**Exercise:** Could you filter the records below and return each line that holds "stores"?

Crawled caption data
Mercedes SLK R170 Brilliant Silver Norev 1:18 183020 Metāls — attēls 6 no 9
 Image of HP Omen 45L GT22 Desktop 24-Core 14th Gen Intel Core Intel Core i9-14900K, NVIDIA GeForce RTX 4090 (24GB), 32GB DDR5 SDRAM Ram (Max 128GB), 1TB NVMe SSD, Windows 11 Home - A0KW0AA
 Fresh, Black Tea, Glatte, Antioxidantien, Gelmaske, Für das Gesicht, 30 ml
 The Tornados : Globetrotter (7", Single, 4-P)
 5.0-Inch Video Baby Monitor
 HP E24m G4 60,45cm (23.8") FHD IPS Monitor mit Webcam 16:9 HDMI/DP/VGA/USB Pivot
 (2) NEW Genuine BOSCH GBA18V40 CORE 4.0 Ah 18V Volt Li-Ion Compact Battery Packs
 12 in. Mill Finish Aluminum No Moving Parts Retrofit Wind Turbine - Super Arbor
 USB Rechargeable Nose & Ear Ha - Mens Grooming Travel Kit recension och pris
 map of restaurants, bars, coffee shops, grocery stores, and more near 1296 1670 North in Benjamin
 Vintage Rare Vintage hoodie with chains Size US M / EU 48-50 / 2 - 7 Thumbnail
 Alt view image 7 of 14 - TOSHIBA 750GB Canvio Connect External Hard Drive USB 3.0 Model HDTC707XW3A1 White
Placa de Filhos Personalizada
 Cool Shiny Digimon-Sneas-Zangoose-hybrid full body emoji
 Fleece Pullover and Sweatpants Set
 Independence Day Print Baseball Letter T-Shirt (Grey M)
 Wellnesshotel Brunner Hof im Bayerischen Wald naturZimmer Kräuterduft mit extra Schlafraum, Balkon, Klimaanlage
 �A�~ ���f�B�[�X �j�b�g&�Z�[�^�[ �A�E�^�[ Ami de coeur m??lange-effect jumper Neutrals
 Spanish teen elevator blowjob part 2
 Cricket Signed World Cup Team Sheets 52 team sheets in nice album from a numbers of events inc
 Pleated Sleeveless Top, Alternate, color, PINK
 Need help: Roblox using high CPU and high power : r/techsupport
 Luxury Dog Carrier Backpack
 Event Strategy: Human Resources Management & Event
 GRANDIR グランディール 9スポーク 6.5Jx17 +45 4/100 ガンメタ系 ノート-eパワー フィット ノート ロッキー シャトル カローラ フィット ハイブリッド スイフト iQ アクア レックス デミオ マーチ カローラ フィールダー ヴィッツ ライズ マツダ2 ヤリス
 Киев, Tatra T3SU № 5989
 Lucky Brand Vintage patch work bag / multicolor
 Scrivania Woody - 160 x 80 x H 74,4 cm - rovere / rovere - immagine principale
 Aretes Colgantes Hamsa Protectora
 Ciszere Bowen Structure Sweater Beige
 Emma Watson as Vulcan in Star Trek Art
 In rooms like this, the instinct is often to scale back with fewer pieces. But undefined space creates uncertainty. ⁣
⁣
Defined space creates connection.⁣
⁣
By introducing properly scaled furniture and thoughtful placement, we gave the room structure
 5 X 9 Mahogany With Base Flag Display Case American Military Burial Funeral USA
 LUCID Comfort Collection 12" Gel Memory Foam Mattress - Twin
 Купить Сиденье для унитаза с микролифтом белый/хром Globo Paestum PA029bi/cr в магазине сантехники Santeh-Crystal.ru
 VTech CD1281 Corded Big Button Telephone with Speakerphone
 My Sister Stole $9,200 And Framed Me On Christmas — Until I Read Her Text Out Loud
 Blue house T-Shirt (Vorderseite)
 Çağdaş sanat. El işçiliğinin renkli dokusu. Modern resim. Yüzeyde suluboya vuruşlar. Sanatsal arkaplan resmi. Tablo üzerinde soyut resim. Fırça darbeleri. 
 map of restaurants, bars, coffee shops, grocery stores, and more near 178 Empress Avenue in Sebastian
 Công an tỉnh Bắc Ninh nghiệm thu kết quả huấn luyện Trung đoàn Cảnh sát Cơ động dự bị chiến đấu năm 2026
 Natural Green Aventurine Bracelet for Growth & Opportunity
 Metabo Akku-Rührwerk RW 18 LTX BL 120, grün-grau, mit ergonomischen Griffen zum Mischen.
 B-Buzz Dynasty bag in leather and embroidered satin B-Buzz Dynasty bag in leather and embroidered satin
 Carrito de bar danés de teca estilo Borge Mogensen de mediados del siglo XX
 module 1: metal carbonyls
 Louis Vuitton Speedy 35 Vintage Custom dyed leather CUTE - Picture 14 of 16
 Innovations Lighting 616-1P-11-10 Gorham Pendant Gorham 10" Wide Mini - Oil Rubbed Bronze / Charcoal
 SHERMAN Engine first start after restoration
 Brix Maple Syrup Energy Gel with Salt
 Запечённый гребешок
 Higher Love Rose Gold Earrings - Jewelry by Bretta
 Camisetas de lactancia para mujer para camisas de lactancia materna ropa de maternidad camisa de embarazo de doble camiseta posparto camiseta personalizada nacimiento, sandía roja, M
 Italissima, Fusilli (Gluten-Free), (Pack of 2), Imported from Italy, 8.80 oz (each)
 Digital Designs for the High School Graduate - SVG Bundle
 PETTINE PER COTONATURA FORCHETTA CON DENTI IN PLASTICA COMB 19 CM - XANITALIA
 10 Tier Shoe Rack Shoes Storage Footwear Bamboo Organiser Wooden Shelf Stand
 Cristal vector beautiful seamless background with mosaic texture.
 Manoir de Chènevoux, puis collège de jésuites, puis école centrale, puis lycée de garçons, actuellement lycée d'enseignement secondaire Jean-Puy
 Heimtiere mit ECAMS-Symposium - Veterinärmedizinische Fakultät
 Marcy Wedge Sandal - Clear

**Result:**
 map of restaurants, bars, coffee shops, grocery stores, and more near 1296 1670 North in Benjamin
 map of restaurants, bars, coffee shops, grocery stores, and more near 178 Empress Avenue in Sebastian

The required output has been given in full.